Firefighters and other people mourn at a makeshift memorial outside the "Le Constellation" bar, after a deadly fire and explosion during a New Year's Eve party in the upscale ski resort of Crans-Montana in southwestern Switzerland, January 4, 2026. REUTERS/Umit Bektas
CRANS-MONTANA, Switzerland, Jan 4 (Reuters) - Hundreds of people silently filed through the frosty streets of the Swiss ski resort of Crans-Montana on Sunday to remember victims of a New Year bar fire that killed at least 40 people and injured more than a hundred others.
Following a packed church mass that spilled outdoors, the crowd slowly walked towards an impromptu shrine to the victims next to the "Le Constellation" bar that went up in flames in the early hours of January 1.
"It's to be together with the people who are suffering, who have lost somebody in the family, children or friends," said 76-year-old Charlotte Schumacher, a participant in the procession. "I know people who have lost their grandchildren."
Teenagers as young as 14 or 15 years old were among the dead, and the severity of the burns suffered by the victims has made the process of identifying them difficult.
Attendees of the interconfessional church service hugged and shook hands as the prosperous Alpine town sought to pull together to process the trauma of one of the deadliest tragedies to strike modern Switzerland.
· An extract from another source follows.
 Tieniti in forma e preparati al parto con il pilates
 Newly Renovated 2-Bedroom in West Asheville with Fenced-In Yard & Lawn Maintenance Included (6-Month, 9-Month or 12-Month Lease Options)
Prosecutors said the fire was likely caused by sparkling candles igniting the ceiling of its basement. Swiss authorities have put the two people who ran the bar under investigation on suspicion of crimes including homicide by negligence.
The injured and missing came from all corners of Europe and as far afield as Australia, underlining the international appeal of the picturesque resort with panoramic views of the Alps.
But most of the tally were Swiss. The toll might have been worse if emergency services had not acted so quickly, residents said.
"Within minutes you had ambulances; within minutes you had the police that did their job and they did it unbelievably well," said Max Haus, a local business owner who witnessed the harrowing aftermath of the blaze.
As Sunday's sombre procession reached its conclusion, applause began rippling from one end to the other as dozens of police and emergency services workers, some of them in tears, came up through the middle to be celebrated as heroes.
"It's unimaginable what they did, what they have seen," Bruno Huggler, the director of tourism for Crans-Montana, said of the rescue workers. "And now it's very important to take care of them."